Friday, 11 September 2009

The Koffi Lounge

After many years, and gajillions over budget the former civic theatre in Barno has reopened. And it has a poncy coffee shop "The Koffi lounge", that advertises on the local radio. Their advert offers "Barista trained staff", and "Coffee like you've never tasted before".

Hang on a minute... I can just about get my head around the concept of a job title for a bloke who makes coffee, but, barista trained? So not the real deal, just trained...

~wobbly lines as we go to the training session~

Hi, I'm Steve and I'll be your Barista trainer for the day... Watch closely pupils...

This is a kettle. And this is a jar of nescafe. Throw some nescafe in the paper cup, and add hot water from the kettle (does anyone need showing how to use the kettle?)

Then say "twoquidmilknsugaroverthereifyouwantemloveenjoyyourmeal."

Thank you class, you've all graduated with honours.

As to "Coffee like you've never tasted it before".. well that's not hard is it? Believe me, you've never tasted coffee like I make it either.

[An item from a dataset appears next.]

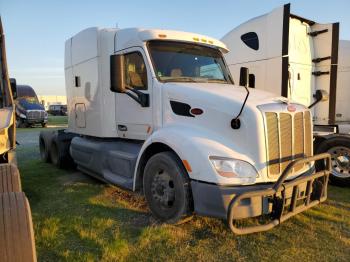  Salvage Peterbilt 579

Well, nobodies ever lived long enough asked for a second cup.

Sod it, I'll give you my secret coffee recipe.
  1. First you need to select the right coffee... it be called "rocket fuel", it's the one in the jar amusingly shaped like a bomb.

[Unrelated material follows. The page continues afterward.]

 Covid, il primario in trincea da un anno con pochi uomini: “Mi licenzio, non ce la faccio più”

  2. Bang plenty in the cup, and then add an extra teaspoon for every hour of sleep you've missed.

  3. Following the Dave Lister mantra of "triple caffeinated, quadruple sugared" you now need at least 3 teaspoons of sugar. I have caught some people making my coffee with lots of artificial sweeteners, which of course is full of wrong.

  4. Splash of semi skimmed milk for the healthiness factor. (Works like extra large whopper meal with diet coke).

  5. Drink. Wait for the buzz / death.

2 comments:

Amanda Huggenkiss said...

Don't they have baristas in court?

p.s. Work and coffee are a bit tricky for me - I need enough to get me wired, but not enough that I will use the wire to kill during meetings.

C'riz said...

Idea for Squeakypony, Take a crayon into meetings. Then when you go on a stabbing coffee enduced kill frenzy you won't do as much damage to the nice people.